To investigate the analysis of neuroimaging biomarkers as a streamlined approach for the diagnosis of MDD in adolescents.

METHODS

Forty-four adolescents diagnosed with MDD and 43 healthy controls were enrolled in the study. Using resting-state functional magnetic resonance imaging, the FC was compared between the adolescents with MDD and the healthy controls, with the bilateral amygdala serving as the seed point, followed by statistical analysis of the results. The support vector machine (SVM) method was then applied to classify functional connections in various brain regions and to evaluate the neurophysiological characteristics associated with MDD.

RESULTS

Compared to the controls and using the bilateral amygdala as the region of interest, patients with MDD showed significantly lower FC values in the left inferior temporal gyrus, bilateral calcarine, right lingual gyrus, and left superior occipital gyrus. However, there was an increase in the FC value in Vermis-10. The SVM analysis revealed that the reduction in the FC value in the right lingual gyrus could effectively differentiate patients with MDD from healthy controls, achieving a diagnostic accuracy of 83.91%, sensitivity of 79.55%, specificity of 88.37%, and an area under the curve of 67.65%.

CONCLUSION

The results showed that an abnormal FC value in the right lingual gyrus was effective as a neuroimaging biomarker to distinguish patients with MDD from healthy controls.
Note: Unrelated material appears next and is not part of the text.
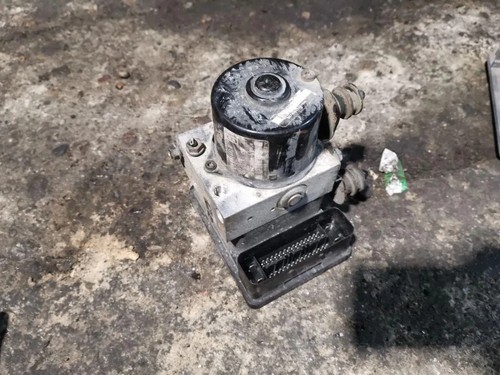 Touran 1t1 1t2 abs - 1t2,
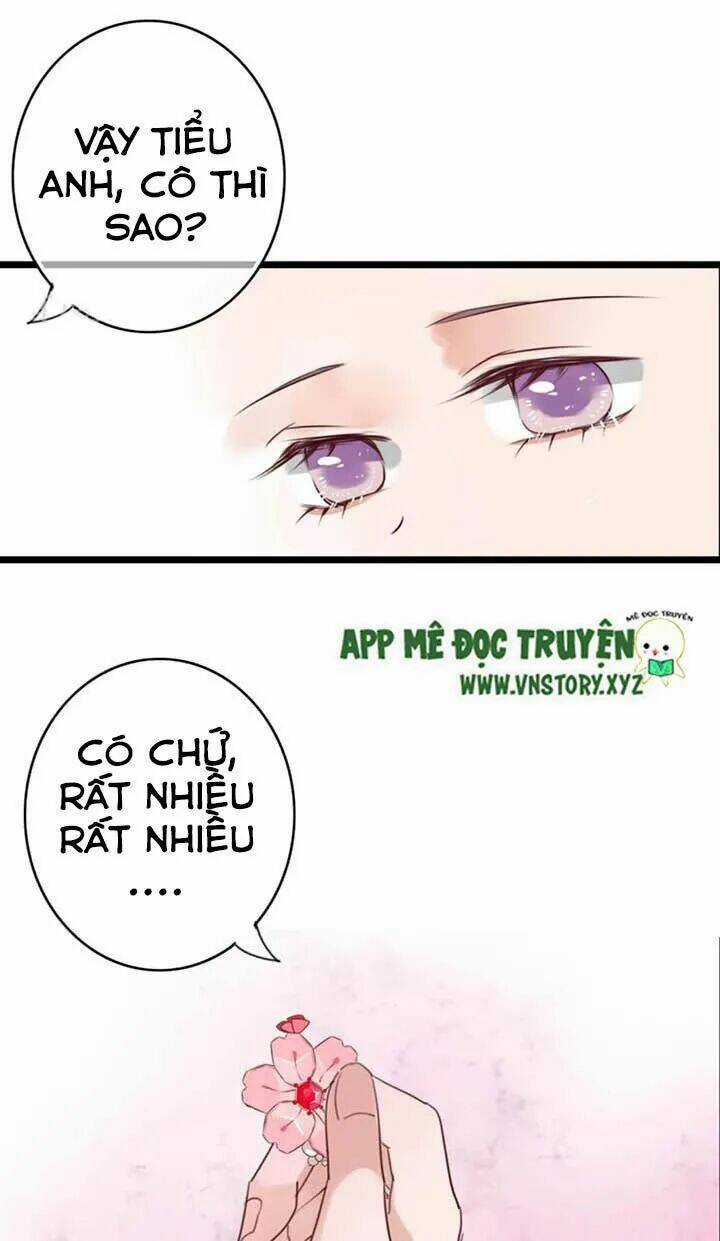 Sau Con Mưa Mùa Hạ Chapter 78 trang 13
Keywords: Major depressive disorder; Adolescent; Support vector machine; Machine learning; Resting-state functional magnetic resonance imaging; Neuroimaging; Biomarker

Core Tip: We want to explore the potential neuroimaging biomarkers of adolescents with major depressive disorder using resting-state functional magnetic resonance imaging and support vector machines. The results showed that using the abnormal functional connectivity value of the right linguistic gyrus as a biomarker to distinguish patients and healthy controls had certain advantages, which was of great significance for the early diagnosis and treatment of adolescent major depressive disorder.